Sole Paragraph - In the hypotheses provided under art. 136 of Law nº 6404/76, the first call to the General Meeting shall be made at least thirty (30) days in advance, and the second call at least ten (10) days in advance.

Art. 15 - The General Meeting shall be called to order by the Company's Chief Executive Officer or by an expressly appointed proxy, with specific authority therefore and shall then elect the meeting officers, namely a chairman and a secretary, chosen among the shareholders present.

Sole Paragraph - The evidence of shareholder status shall comply with article 126 of Law 6404/76; owners of uncertified or deposited shares shall deposit with the Company's main office their identity document and respective proxy, when needed, and the receipt/statement issued by the depository institution, no later than five (5) working days before the general meeting.

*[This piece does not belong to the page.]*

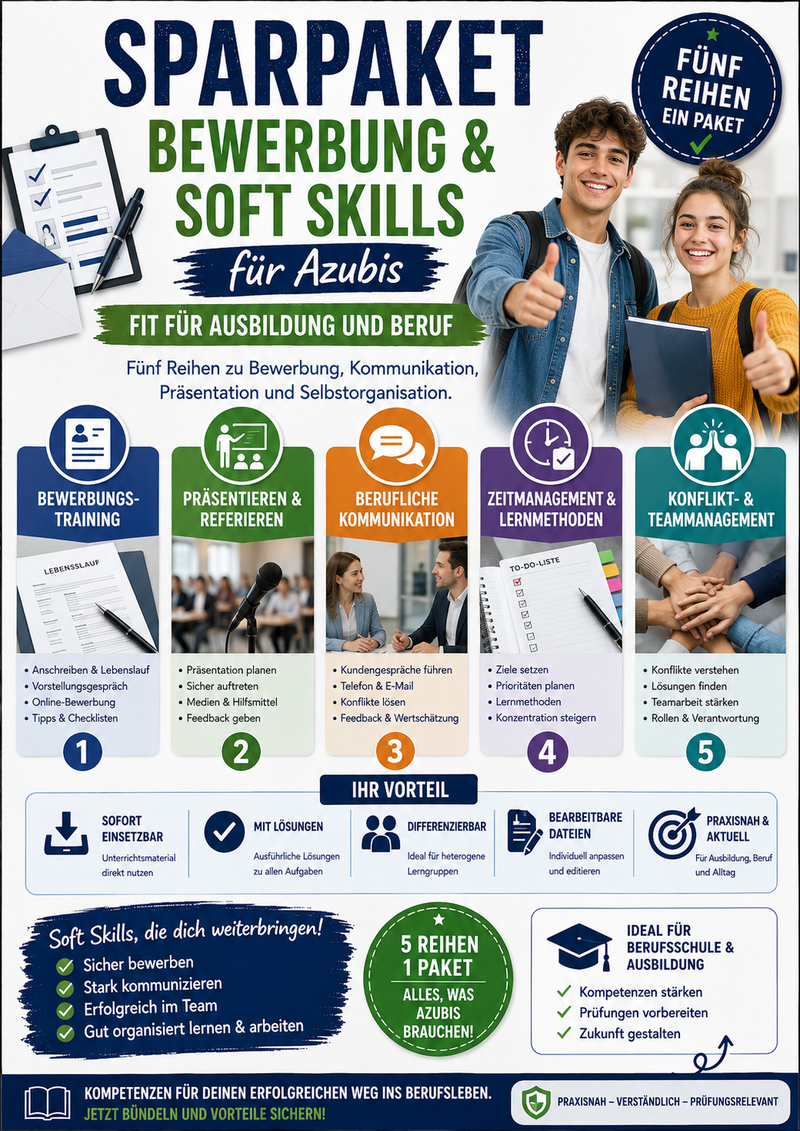 Sparpaket Bewerbung & Soft Skills für Azubis | Berufsschule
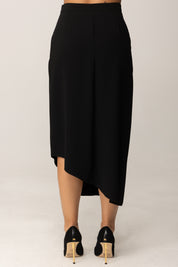 Elisabetta Franchi Gonna Midi Cob Logo Cc e Drappeggio GO11456E2 NERO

Art. 16 - The General Meeting transaction of business and decisions shall be recorded in minutes, signed by the meeting officers and the shareholders present representing, at least, the majority required for passing decisions.

Paragraph 1 - The minutes shall be recorded as an abstract of the facts, including disagreements and challenges.

Paragraph 2 - Except as otherwise decided by the Meeting, the minutes shall be published without the shareholders' signatures.

Art. 17 - Every year, in the first four months following the end of the fiscal year, a regular General Meeting shall be convened to:

I. Receive the management accounts; examine, discuss and vote on the financial statements;

II. Decide on the destination of the net income for the year and the distribution of dividends; and

III. Elect the members of the Statutory Audit Committee and, when applicable, the Directors.

Art. 18 - A Special General Meeting shall be convened whenever the Company interests so require.

CHAPTER IV

COMPANY MANAGEMENT

SECTION I

GENERAL

Art. 19 - The Company shall be managed by the Board of Directors and by the Executive Officers.

Paragraph 1 - The Board of Directors, a collegial decision organ, shall carry out the high management of the Company.

Paragraph 2 - The Executive Officers are the Company 's representative and executive organ, and each one of them shall act within his/her respective scope of authority.

Paragraph 3 - The statutory duties and powers vested by law on each management organ cannot be assigned to the other.

Art. 20 - Managers are installed by signing the respective installation records in the Board of Directors or Executive Officers Meeting Minutes Book, as the case might be.

Art. 21 - The Company managers shall adopt the “Policy of Disclosure and Use of Information and of Securities Trading” Manual, by signing the respective Affidavit of Commitment.

Art. 22 - The managers' term of office shall be three (3) fiscal years. Reelection is allowed.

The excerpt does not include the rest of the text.